About this exercise »
Once you find the line with "Ropa deporte de" in the listing below, set down exactly every line from it through the line with "Lichtblauwe meisjes WE", but no pictures.

Records to use »
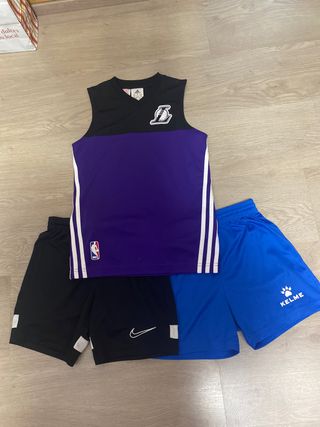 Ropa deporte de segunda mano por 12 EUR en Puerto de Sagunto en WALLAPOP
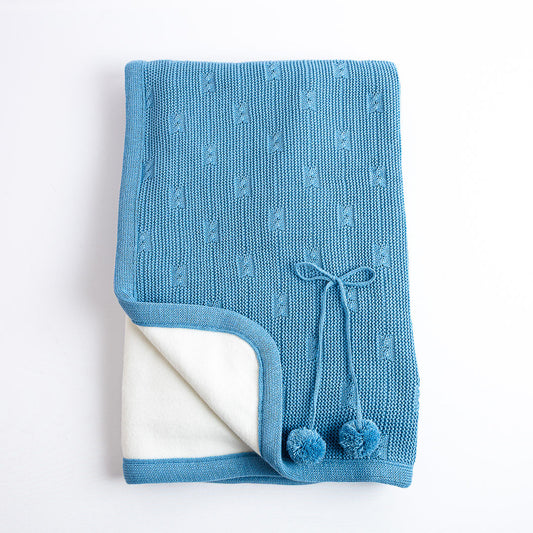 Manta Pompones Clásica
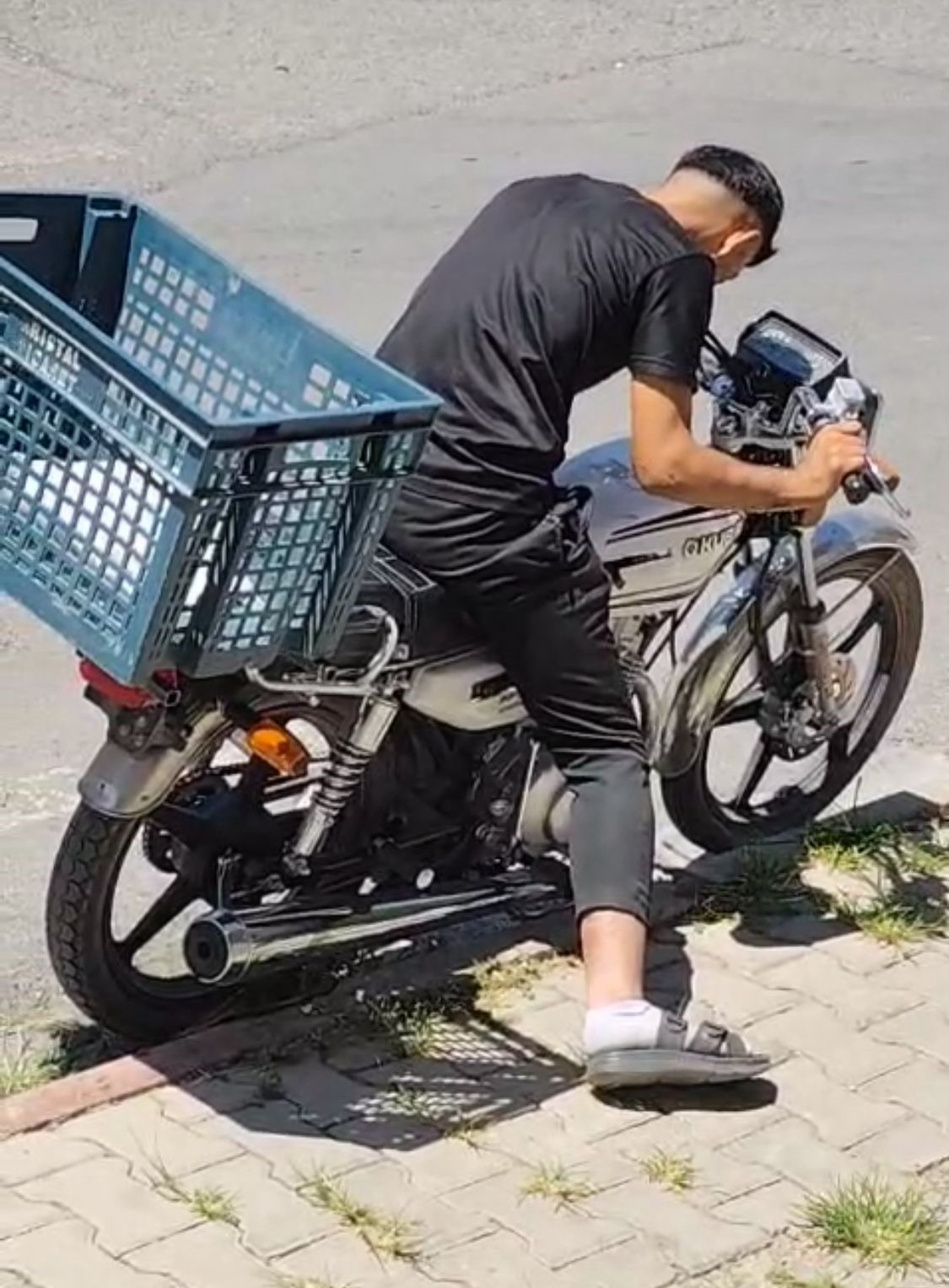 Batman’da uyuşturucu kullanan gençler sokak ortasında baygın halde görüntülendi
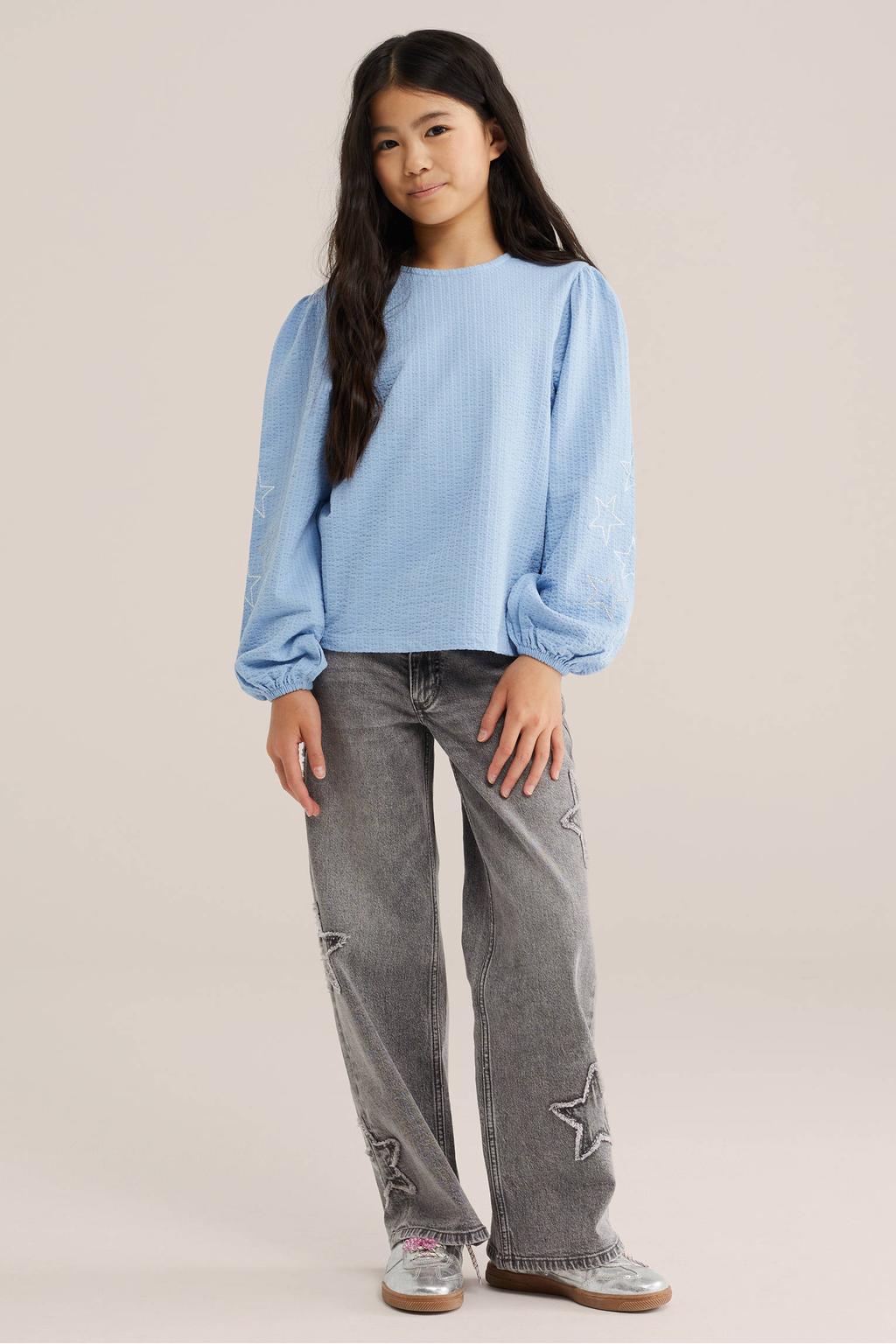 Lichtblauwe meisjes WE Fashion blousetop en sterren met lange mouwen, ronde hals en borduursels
--
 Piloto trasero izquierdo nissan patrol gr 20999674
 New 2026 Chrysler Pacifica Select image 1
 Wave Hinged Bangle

Task response »
 Ropa deporte de segunda mano por 12 EUR en Puerto de Sagunto en WALLAPOP
 Manta Pompones Clásica
 Batman’da uyuşturucu kullanan gençler sokak ortasında baygın halde görüntülendi
 Lichtblauwe meisjes WE Fashion blousetop en sterren met lange mouwen, ronde hals en borduursels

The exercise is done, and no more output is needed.